このフラグは、-f フラグが使用されている場合に限り有効です。

-y (manual トンネルのみ) 再生防止フラグです。 再生防止は、ESP または AH ヘッダーが新しいヘッダー・フォーマットを使用している場合に限り有効です (-z フラグを参照)。-y フラグの有効な値は、Y (はい) および N (いいえ) です。このトンネルで使用されるすべてのカプセル化 (AH、ESP、送信、および受信) は、このフラグの値が Y の場合に、再生フィールドを使用します。デフォルト値は N です。
-z (manual トンネルのみ) 新しいヘッダー・フォーマット・フラグです。 新規ヘッダー・フォーマットは、再生防止のために ESP および AH ヘッダー内にフィールドを保存し、 また、ESP 認証も許可します。再生フィールドが使用されるのは、 再生フラグ (-y) が Y に設定される 場合だけです。-z フラグの 有効な値は Y (はい) と N (いいえ) です。-z フラグが使用されないときの デフォルト値は、トンネルに選んだアルゴリズムによって 決まります。
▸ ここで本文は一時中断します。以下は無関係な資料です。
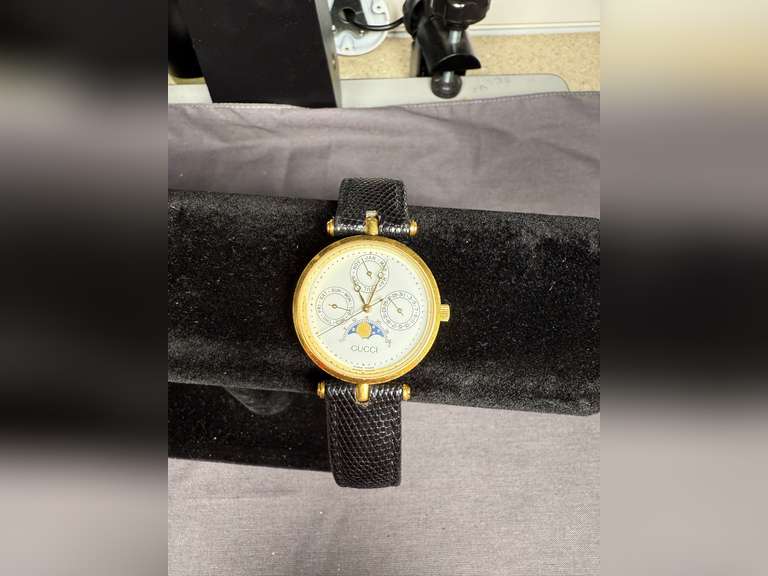 GUCCI Moon Pahe Men's Watch, Swiss Made, Black Leather Band, Quartz Movement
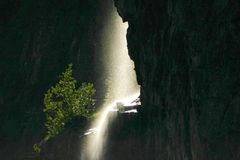 Wasserfall im Gegenlicht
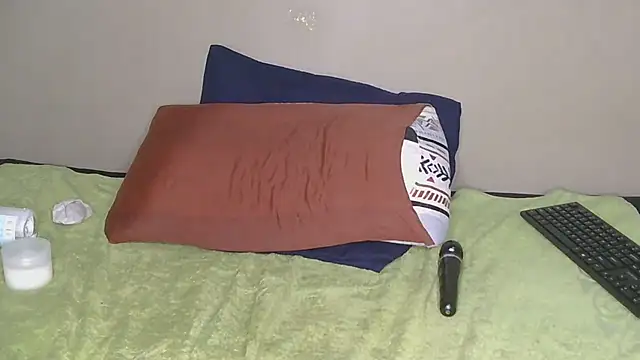 CherieBlushX webcam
-a-A フラグで KEYED_MD5 以外の アルゴリズムが使用されるか、あるいは -b-B フラグが 使用される場合以外は、この値のデフォルト値は N です。

セキュリティー

RBAC ユーザーおよび Trusted AIX ユーザーへの注意: このコマンドは特権命令を実行できます。 特権命令を実行できるのは特権ユーザーのみです。 権限および特権についての詳細情報は、「セキュリティー 」の『特権コマンド・データベース』を参照してください。 このコマンドに関連した特権および権限のリストについては、lssecattr コマンドまたは getcmdattr サブコマンドの項を参照してください。